There are weeks when you have nothing to write—not because events are lacking, but because everything feels the same. Looking back over these ten months of 2025, you realize—or simply feel—that nothing moves. Except for Trump, of course, who decided to play again with nuclear weapons because all his other games had exhausted him. A collective fatigue hangs in the air alongside seasonal viruses making their rounds in this sickly, semi-summer setting, for the whims of which a dozen meteorologists compete daily on social media.
You don’t know if you’re worn out because your immune system saw COVID-19 again and panicked, or because someone is calling to ask whether you prefer Mitsotakis or chaos.
And yet, it’s not just a feeling. According to opinion polls (Marc, Metron Analysis, Pulse), over 60% of citizens report feeling disappointed or tired of the political system, while nearly half believe that “nothing changes in the country.”
Then the OECD comes along with some data that makes you say, “We’re doing fine.” According to its latest figures, Greece has the lowest rate of mild and moderate depressive symptoms: just 6%, compared with the 19.3% global average.
Could it be that Kyriakos Mitsotakis, aside from the chaos, is also the answer to the stress and the money we spend on cognitive therapy—or that the oxygen for meditation is going to waste?
Fatigue is visible everywhere, including in news consumption.

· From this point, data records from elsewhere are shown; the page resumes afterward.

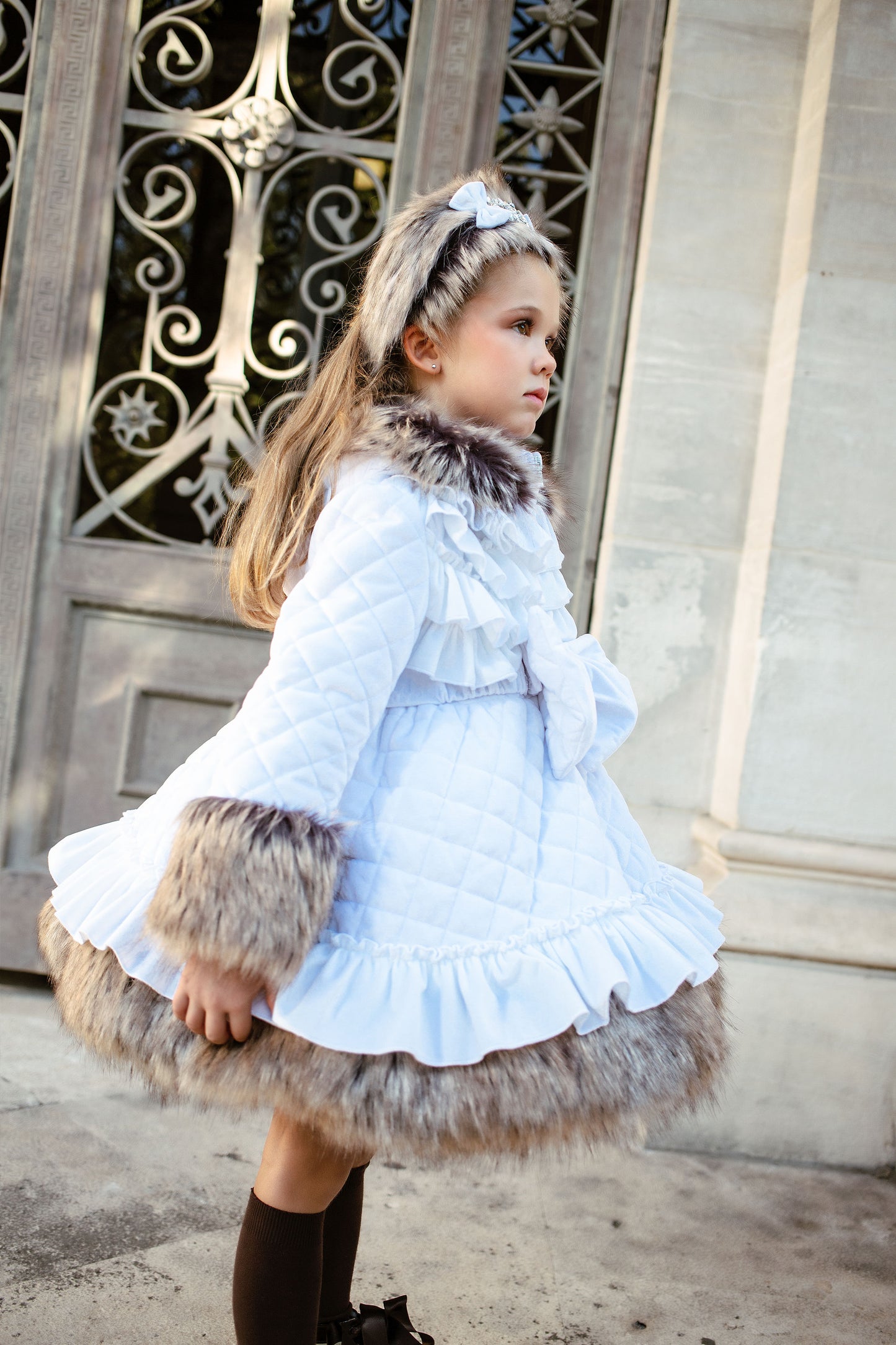 ABRIGO HEIRLOOM BLANCO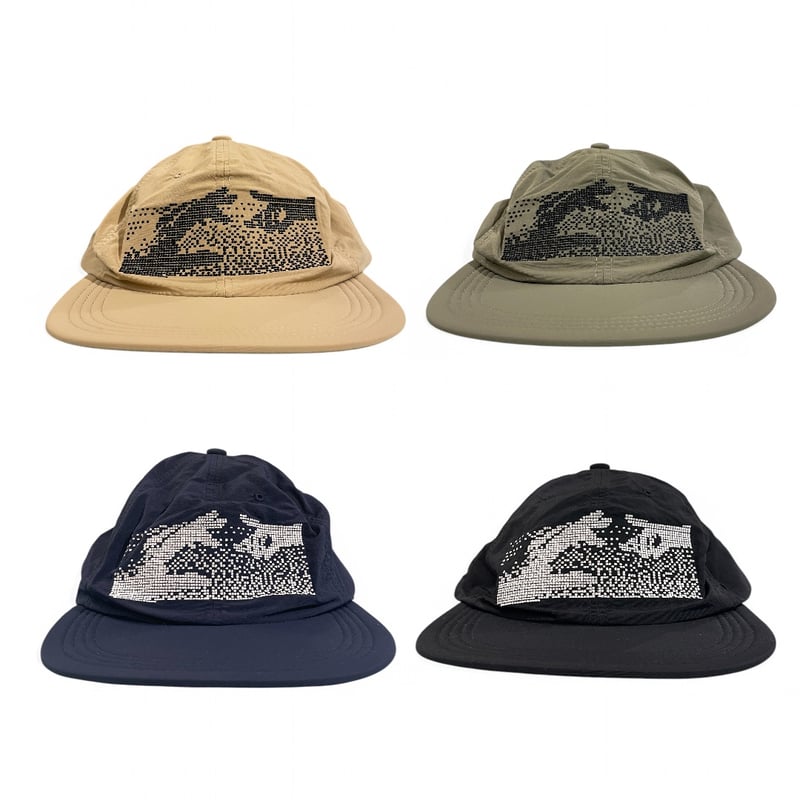 garbage / SOFT BRIM 6 PANEL CAP(KEEP IN TOUCH) garbage / SOFT BRIM 6 PANEL CAP(KEEP IN TOUCH)
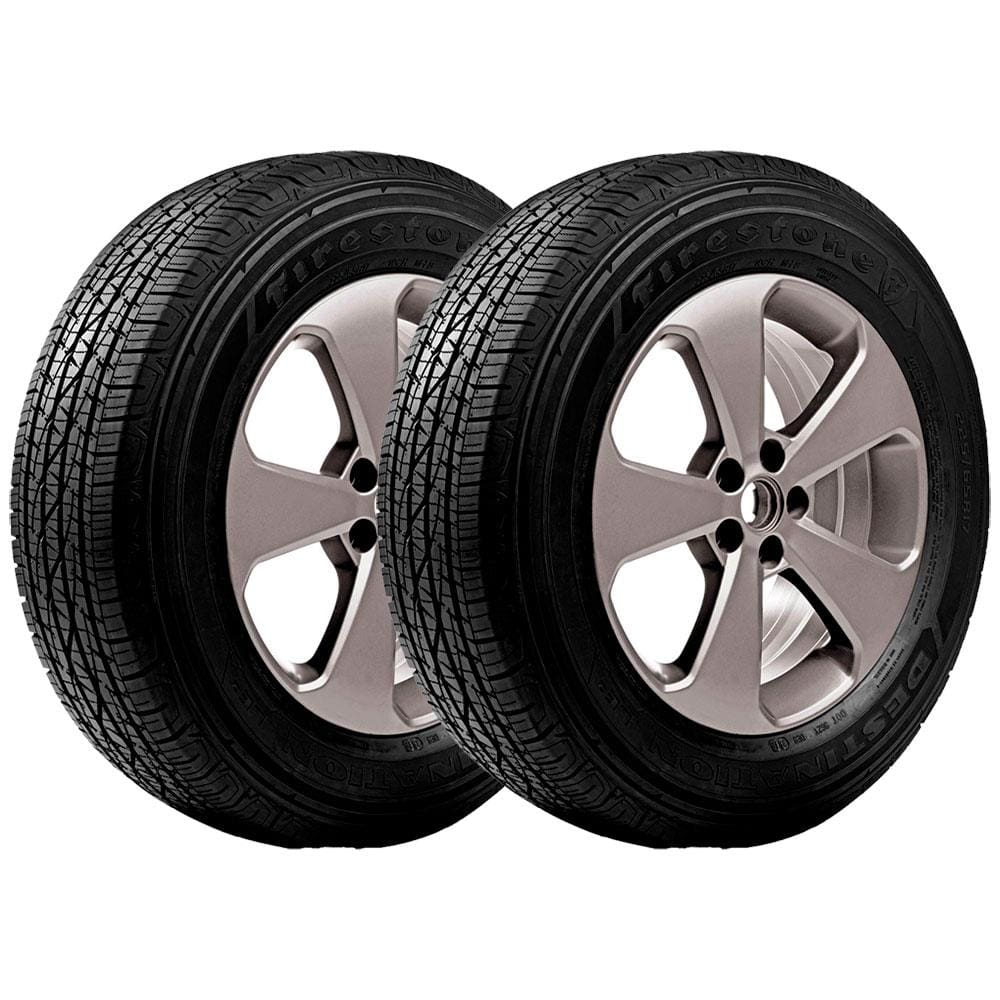 Pneu Aro 17 Bridgestone Destination 225/60 99T - 2 Unidades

If it weren’t for the announcement about the closure of 204 ELTA post offices, the news of the week would have been how much of Sydney Sweeney’s chest was visible (note: a lot) at an event on women’s empowerment.
How many pre-election years can the average Greek endure, and how many invisible sheep in fake pastures must one count before falling asleep? It has become obvious from every angle that we are dragging ourselves—and the country—into 2026, which will be an unlimited pre-election chaos, full of street-style rhetoric, dressed in the worn-out uniform of anti-establishment sentiment.
The promises made at the Thessaloniki International Fair for projects and reforms by the end of the term sound like distant songs from another life, while the real life of parliament surpasses every limit in its effort to draw attention from the 41 science-builders of the Tsipras Institute.
You no longer know where to sit down for a moment to rest from this monotonous fatigue.
Perhaps we should settle into the empty PASOK chair until someone wakes us up?